Redknapp: Not Guilty (8 Feb 2012)
Earlier this year I experienced the pain of admitting Tottenham were now a better side than Arsenal. This is down to one man: Harry Redknapp. Since seeing him join the scum in 2008 and watching him turn the club around so dramatically, I have wished Harry be sacked, taken seriously ill or imprisoned. After several alleged deals with the devil, 'Arry has managed to dodge all three bullets, leaving me in the most embarrassing position imaginable for any Arsenal fan: backing the incumbent Spurs manager for the England job. If you're looking for the definition of self-loathing...

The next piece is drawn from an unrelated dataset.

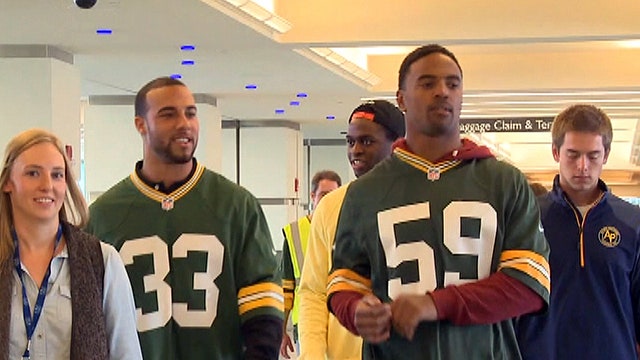 Green Bay Packers football players work at airport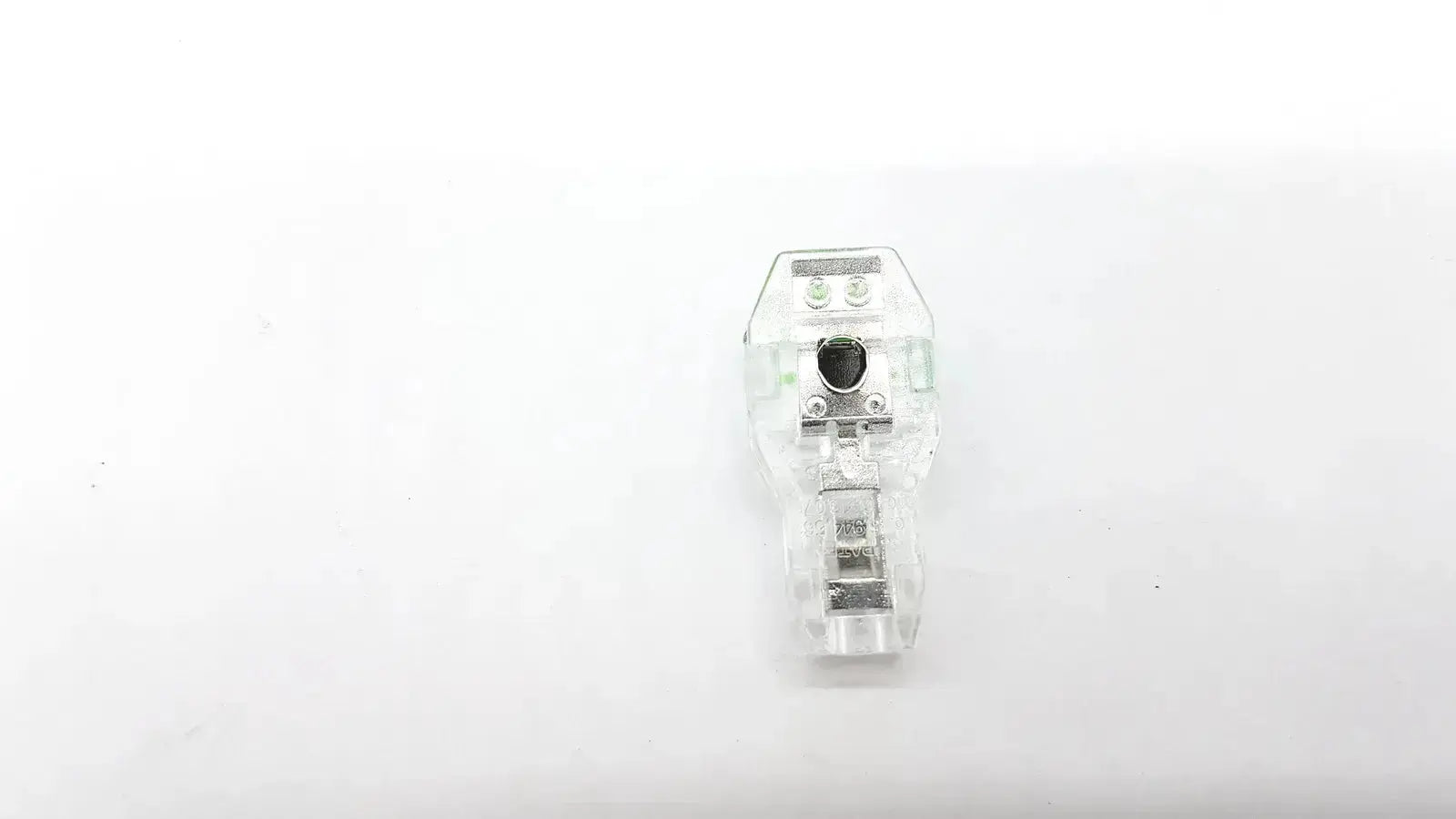 Clear plastic ecg adapter clip 2056813-014 rev a with metallic terminals and central black component for secure connection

AC Milan 4 - 0 Arsenal (15 Feb 2012)
Thierry Henry makes me feel things that would disturb even psychiatrists. When he returned to the club in January I was happy to see him back, but feared where this would end. I couldn't have predicted just how excruciating his final game for Arsenal would be. As we both watched the club we love leave the footballing elite, possibly forever, I wondered if that night he too thought "is this the last time Arsenal will play a Champion's League game in Milan?"
And finally...
Arsenal v Tottenham (26 Feb 2012)
For the first time in my life I am going into this game assuming defeat. Last season's home loss to Tottenham was almost a relief - it was over and done with and we were still ahead of them in the league. This year, we will be 13 points behind and in a dog fight for European qualification. The way we are playing, it's not a fight I would back us in.
This, I fear, is what mediocrity feels like. And I think we may have to get used to it.